McClatchy DC passes along a small glimmer of hope that may finally happen.

A federal appeals court will hear a case brought by Judicial Watch on Friday to make public draft indictments of Hillary Clinton from the Whitewater scandal in the 1990s.

Judicial Watch, a conservative watchdog group that files Freedom of Information Act requests, wants copies of the documents that the National Archives and Records Administration has declined to release. It filed a FOIA request for the documents in March 2015 and in October 2015 the group sued for the 238 pages of responsive records.

The documents in question stem from the Kenneth Starr investigation that nearly brought down Bill Clinton’s presidency.

While there was plenty of collateral damage, the Clintons essentially walked away scot free.

According to Judicial Watch: “The National Archives argues that the documents should be kept secret, citing grand jury secrecy and Clinton’s personal privacy.”
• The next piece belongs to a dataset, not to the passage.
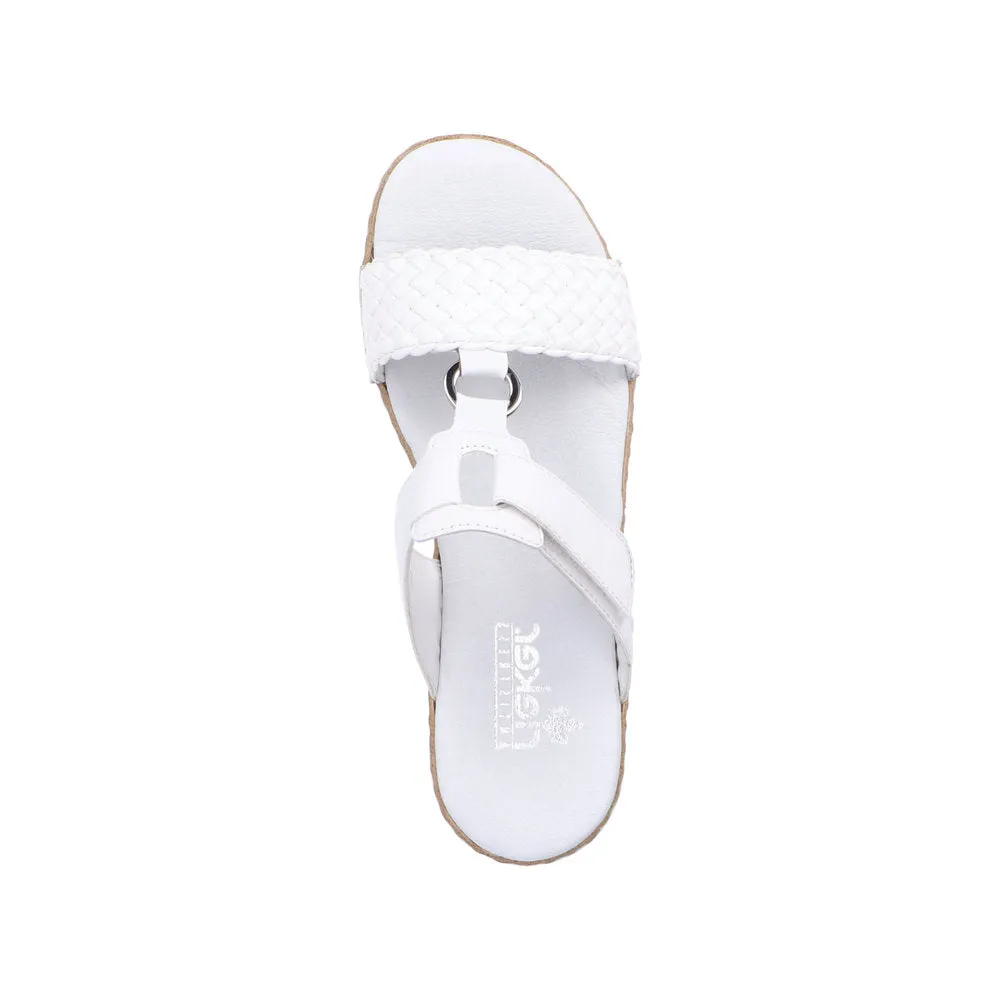 RIEKER - V0238-80 LOW WEDGE VELCRO STRAP COMFORT MULE - WHITE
But Judicial Watch says that because so much about the Whitewater case has already been made public, “there is no secrecy or privacy left to protect.”

This is another example of the ‘nothing to see here, move along’ kind of thing that has always hung over the Clinton’s like a storm cloud.  

If that’s really the case, then there should be zero problem making these documents public. Considering the steps that have been taken to keep them private to date, we’ll consider that highly unlikely.

We’ll keep our fingers crossed that the appeals court does the right thing here. In a perfect world, others will follow suit.